/navalny

Attempt to independently replicate the stylometric study of Navalny's prison texts

Primary LanguageJupyter NotebookMIT LicenseMIT

Attempt to independently replicate the stylometric study of Navalny's prison texts

Original article in Kyiv Post: https://www.kyivpost.com/analysis/20577

Data

Sources

Data was collected from the following sources:

Source Source url Number of posts
Navalny's Blog https://navalny.com 2978
Navalny's Telegram https://t.me/navalny 3152
Navalny's Instagram https://instagram.com/navalny 2023
Volkov's LiveJournal https://leonwolf.livejournal.com 402
Volkov's Telegram https://t.me/leonid_volkov 3664
Volkov's Instagram https://instagram.com/leonidvolkov 514
Sobol's LiveJournal https://sobollubov.livejournal.com 230
Sobol's Telegram https://t.me/TeamSobol 14173
Sobol's Instagram https://instagram.com/sobollubov 2378
Pevchikh's Instagram https://instagram.com/maria_pevchikh 106
Alburov's Instagram https://instagram.com/alburov 717
Zhdanov's Telegram https://t.me/ioannzh 1581
Zhdanov's Instagram https://instagram.com/ioannzh 658
Yarmysh's Telegram https://t.me/Kira_Yarmysh 3577
Yarmysh's Instagram https://instagram.com/kira_yarmysh 363
Navalny's Facebook https://facebook.com/navalny 624
Volkov's Facebook https://facebook.com/leonid.m.volkov 664
Sobol's Facebook https://facebook.com/soboll.ru 920
Alburov's Facebook https://facebook.com/alburov 37
Zhdanov's Facebook https://facebook.com/zhdanovivan 490

Collection

Data collection code can be found in data.ipynb.

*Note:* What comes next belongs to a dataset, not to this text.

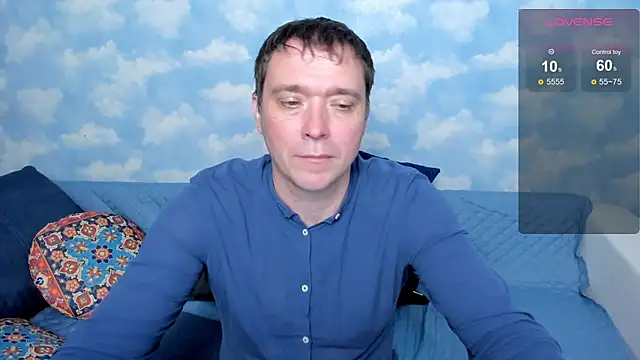 Snapshot of MenyCooper chatting on 07-29-26, 04:54 MenyCooper online show from 07-29-26, 04:54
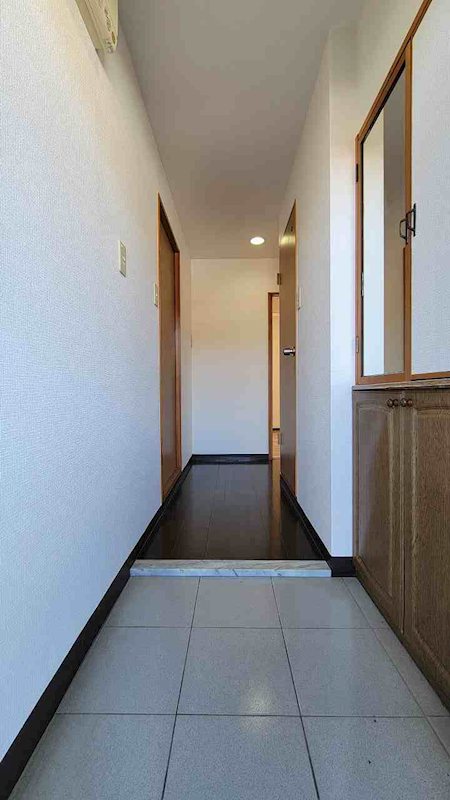 レガシー栄 玄関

Note that in order to run the code you will need to populate the credentials directory with files fb_cookies.json, lj_cookies.json containing cookies for the corresponding sites, as well as put your Instagram username and password into the insta_credentials.json.

Be careful, Instagram and Facebook can temporarily ban you if you end up making too many requests.

I used BeautifulSoup to parse scrape posts from navalny.com and LiveJournal, snscrape for Telegram, facebook_scraper for Facebook and ensta for Instagram.

Structure

fbk_archive.csv contains aggregated data as a CSV table with the following columns:

  • author: Author of the post
  • text: Contents of the post
  • date: Date in the format %Y-%m-%d
  • url: Link to the original post
  • source_type: Link to the source homepage

Disclamers and conflicts of interest

Author (Artur Chakhvadze) is not in any way affiliated with Navalny, FBK, ACF international, Kyiv Post or Oleksiy Borovskiy.

Anna Vellikok, a relative of Georgy Alburov, has promised to buy a beer to the Author as a token of gratitude for replicating the study.

Author does not hold any credentials whatsoever, contents of this repository should be judged on their own merits.